Since things are running behind at Casa Louise, I thought it might be fun to post about some of the wonderful homes we rented over the years. As I mentioned in an earlier post, my family and I had been visiting beautiful San Miguel for almost ten years before we found the place we wanted to make our own. One of the most romantic homes we stayed in was Casa Glenville, which we rented for several years. It was the former home of the British actor and film director, Peter Glenville, who achieved acclaim in the late fifties and early sixties for his work on numerous films.
When you stepped through the main gate onto this property, it was as if you had stepped back in time — a romantic anomaly in a world that keeps moving toward modernity.
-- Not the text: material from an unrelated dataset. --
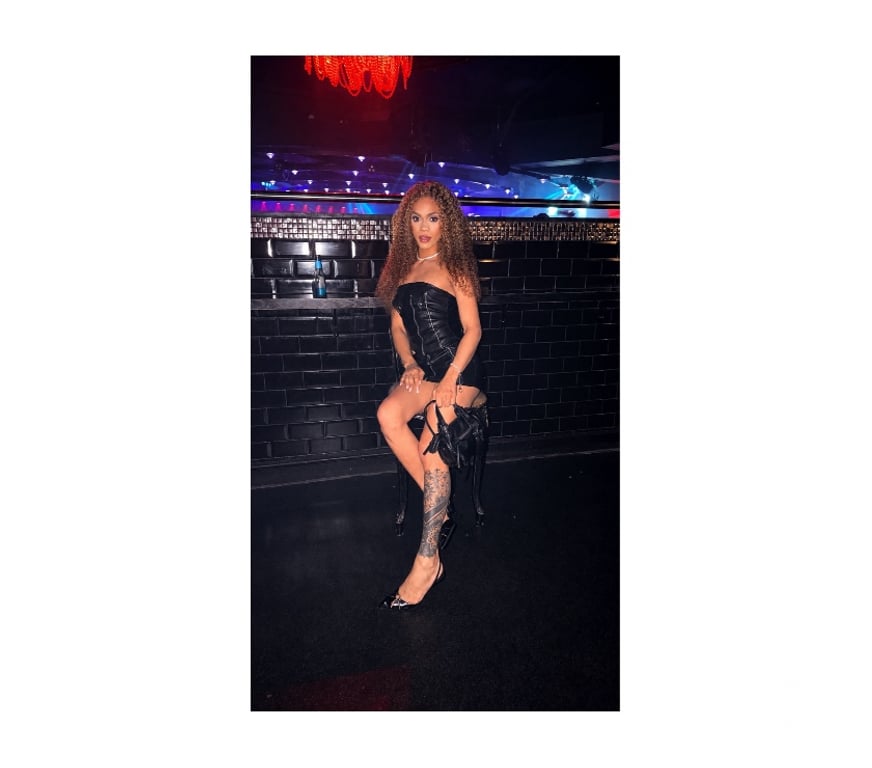Trans Escorts Bristol Bristol City Centre - Bristol - Photos for Jessica Goddess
It possessed a distinctly old Hollywood aura about it with a little bit of Grey Gardens tossed in. A home frozen in time. We all loved its wonderful sense of drama and romance. These two images are from the main entrance and I’m sure you can see what I mean — all that lush cascading greenery, paired with the vine-covered trellis over the front patio and the meandering paths leading to secret gardens and nooks beyond the door.
When I say secret garden, I’m not being overly descriptive. The house had two parcels of property. The first contained the main house built up the cascading hillside and featuring a stunning stone facade at the rear. Off to the side, an old wooden door led through an ivy covered stone wall into a totally separate area. And what lied beyond the doors? Magic.
The highlight of the secret garden was this stupendous 30 ft. long swimming pool. A pool so beautiful it was photographed by Bruce Webber and featured in Kelly Klein’s eponymous book Pools. I spent many hours swimming back and forth through the arching fountain sprays of water along the pool’s edge.
The pool was flanked by an allée of trees and another vine covered patio on on one side side. On the other side, the tiered stone steps led to the Hollywood Regency style, two story domed casita. This is where I stayed for my visits with my family. Its living room featured a large ceramic statue of a camel that was apparently a gift from Peter O’toole who had received it from the crew on the set of Lawrence of Arabia! Perhaps it was too exotic for Peter’s tastes but it fit perfectly at the bottom of the curved staircase in the glass front casita at Casa Glenville.
Here is a shot of my view from the top of the casita steps to the town beyond the allée. It was a wonderful site to take in every morning.
On the right is one of the staircases in the main house featuring swagged, green silk rope railings with huge end tassels: quintessential old glamour!
And of course there was a terrific site line to the hot air balloons flaoting across the skyline with the rising sun each day.
The first floor dining room was wrapped in a whimsical lace-inspired printed wallpaper, which you don’t see very often in SMA. It also featured a weighty wood table fit for a medieval feast along with the seashell capped bookshelves that San Miguel is famous for.
On colder days, my family would gather in the living room in front of the wood fireplace. The room was filled with a striking collection of antiques and oil paintings and I loved how although it was formal in decor, it was also wonderfully comfortable.
Such a special time in my life to spend so many beautiful days and nights together with my immediate family. I sincerely hope that Casa Glenville will stay frozen in time forever as it really is a bit of design history … and magic. We need more magic in the world.